## ABOUT THIS EXERCISE
Starting at the line that has "Rule 34 | 1girl, absurdres, alternate" and stopping after the line that has "AllSaints Black Alya", reproduce the listing below exactly; omit everything else.

## THE RECORDS
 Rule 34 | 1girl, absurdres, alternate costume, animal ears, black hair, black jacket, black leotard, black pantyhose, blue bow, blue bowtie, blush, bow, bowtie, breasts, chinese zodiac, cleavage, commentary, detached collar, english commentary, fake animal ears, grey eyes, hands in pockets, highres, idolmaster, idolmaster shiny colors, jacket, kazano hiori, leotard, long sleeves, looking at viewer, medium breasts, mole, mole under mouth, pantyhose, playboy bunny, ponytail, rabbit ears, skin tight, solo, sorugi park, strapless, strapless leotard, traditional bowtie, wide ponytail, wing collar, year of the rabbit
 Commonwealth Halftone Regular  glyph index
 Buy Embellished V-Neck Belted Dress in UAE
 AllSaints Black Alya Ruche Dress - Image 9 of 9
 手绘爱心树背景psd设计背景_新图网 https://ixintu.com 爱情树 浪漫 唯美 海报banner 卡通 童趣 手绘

* * *

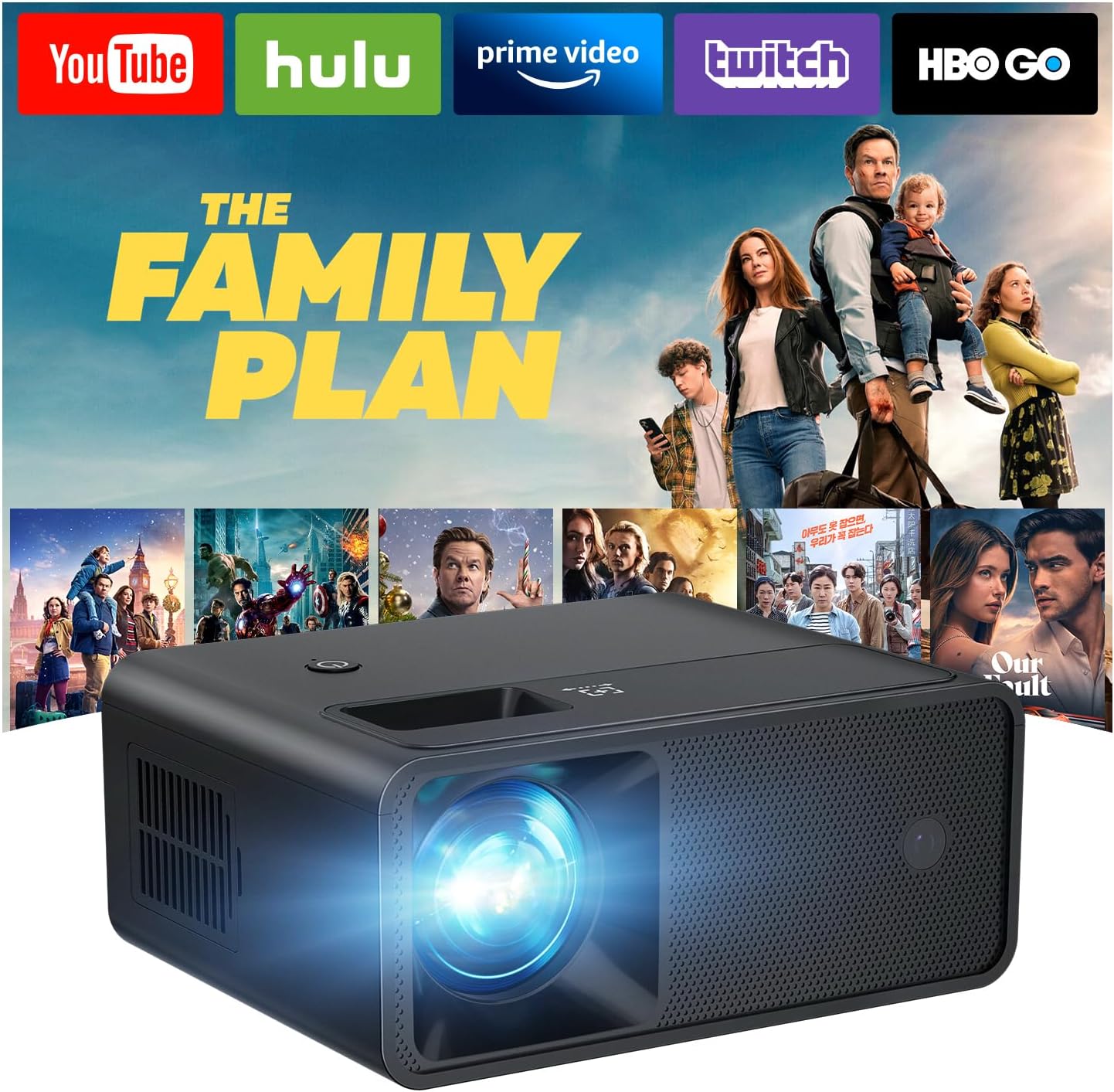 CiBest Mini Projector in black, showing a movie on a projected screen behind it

## RESULT BELOW
 Rule 34 | 1girl, absurdres, alternate costume, animal ears, black hair, black jacket, black leotard, black pantyhose, blue bow, blue bowtie, blush, bow, bowtie, breasts, chinese zodiac, cleavage, commentary, detached collar, english commentary, fake animal ears, grey eyes, hands in pockets, highres, idolmaster, idolmaster shiny colors, jacket, kazano hiori, leotard, long sleeves, looking at viewer, medium breasts, mole, mole under mouth, pantyhose, playboy bunny, ponytail, rabbit ears, skin tight, solo, sorugi park, strapless, strapless leotard, traditional bowtie, wide ponytail, wing collar, year of the rabbit
 Commonwealth Halftone Regular  glyph index
 Buy Embellished V-Neck Belted Dress in UAE
 AllSaints Black Alya Ruche Dress - Image 9 of 9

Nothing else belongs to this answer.